Training Dogs at the Highest Level: A Gulf Coast K-9 Handler’s Story
Some people grow up on the Mississippi Gulf Coast and never leave. Others leave, see parts of the world most of us only hear about, and somehow find their way right back home — carrying stories that stop you mid-sentence.
That’s exactly the case with Chris Lamey, former Air Force K-9 handler and the man behind Canine Coaching with Chris. Chris joined us in the Brown Water studio to talk dogs, deployments, and what it really means to train at the highest level.
🌊 Right Place. Right Time. Six Days Before Katrina
Chris was born in Gulfport, raised in Long Beach, and graduated high school there in 2003. Like a lot of Coast folks, life pulled him in a different direction right before everything changed.
He and his wife moved to Hattiesburg six days before Hurricane Katrina made landfall — a decision that quietly altered the course of his life.
Not long after welcoming his first daughter, Chris was hit with a reality most parents recognize quickly: stability matters. Healthcare matters. Providing matters. That realization led him into the U.S. Air Force — a move that took him far from the Coast and straight into a career few people ever experience.
🪖 From Military Police to K-9
Chris didn’t walk into the military as a dog handler. He started out in military police, deploying multiple times before transitioning into the K-9 program around 2010–2011, just as the war in Afghanistan was ramping up.
What followed wasn’t a typical assignment.
Chris was placed in a specialty K-9 unit where the mission was simple and nonstop: train, deploy, repeat. No regular patrol shifts. No routine base work. Their sole focus was preparing dogs and handlers to deploy — often alongside elite units like Navy SEALs and other Tier One operators.
“Our whole job when we were home was training,” Chris explained. “That’s it. Getting ready to go.”
🐾 Meet Kitty
One of the most memorable parts of Chris’s story centers around Kitty, a 44-pound Belgian Malinois he deployed with in Afghanistan.
She may have been smaller than most military working dogs, but Kitty was trained for explosive detection, patrol, tracking, and handler protection — a true force multiplier in combat environments.

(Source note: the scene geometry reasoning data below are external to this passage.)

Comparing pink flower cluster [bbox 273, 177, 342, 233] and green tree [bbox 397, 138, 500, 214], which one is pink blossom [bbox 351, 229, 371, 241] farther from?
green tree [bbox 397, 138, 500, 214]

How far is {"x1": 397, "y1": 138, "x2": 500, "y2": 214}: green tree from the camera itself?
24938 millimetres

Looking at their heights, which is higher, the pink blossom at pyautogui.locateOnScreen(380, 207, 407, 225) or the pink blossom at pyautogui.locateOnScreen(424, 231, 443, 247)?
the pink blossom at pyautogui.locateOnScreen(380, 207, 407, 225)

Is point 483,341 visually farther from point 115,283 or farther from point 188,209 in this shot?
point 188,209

“When you’re deployed and things get heavy, having a dog with you changes everything,” Chris said. “She was always there.”
Kitty retired at twelve years old after a real-world bite caused a hip injury and lived with Chris until she passed at fourteen. Her impact didn’t end there. A puppy in the military breeding program was later named after her, a rare honor that speaks volumes about the work they did together.
💣 What Military Working Dogs Actually Do
Not all military dogs are trained the same. Chris broke down a key distinction most people don’t realize: drug dogs versus explosive detection dogs.
He handled a Patrol Explosive Detector Dog (PEDD), meaning his dog could detect explosives, track and apprehend suspects, and protect her handler on command.
“One dog and one handler can do the work of twenty-five people,” Chris said. “That’s why they’re called force multipliers.”
And yes — the intimidation factor is very real.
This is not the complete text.